## EXERCISE DETAILS
Where a picture appears, skip it and copy everything else in the listing exactly.

## SOURCE DATA
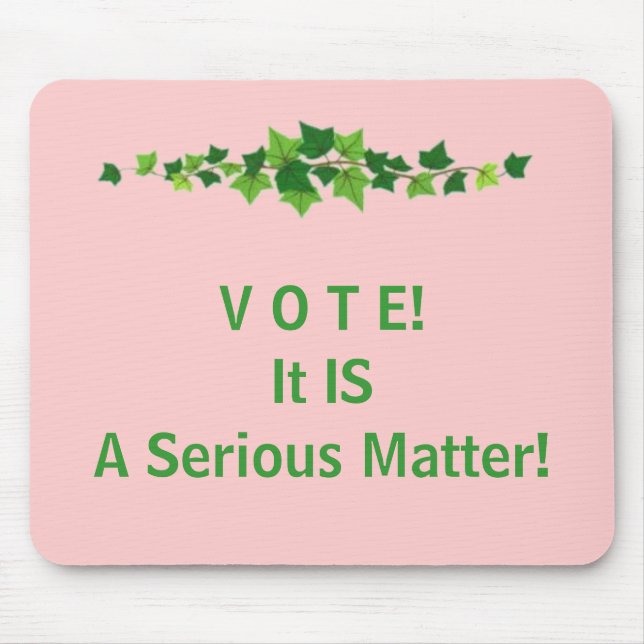 Alfombrilla De Ratón ¡V O T E!  ¡ES una cuestión seria! (Frente)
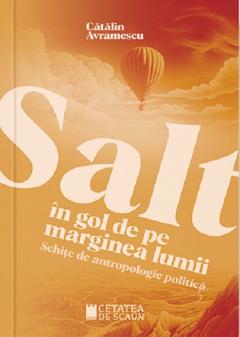 Salt in gol de pe marginea lumii - Schite de antropologie politica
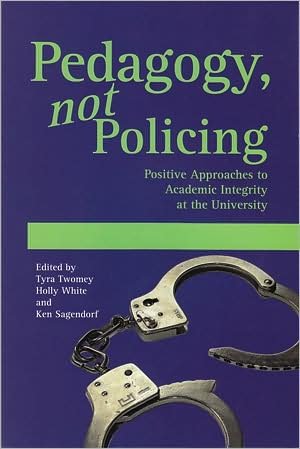 Cover for Tyra Twomey · Pedagogy, Not Policing: Positive Approaches to Academic Integrity at the University (Taschenbuch) (2009)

## EXPECTED ANSWER
 Alfombrilla De Ratón ¡V O T E!  ¡ES una cuestión seria! (Frente)
 Salt in gol de pe marginea lumii - Schite de antropologie politica
 Cover for Tyra Twomey · Pedagogy, Not Policing: Positive Approaches to Academic Integrity at the University (Taschenbuch) (2009)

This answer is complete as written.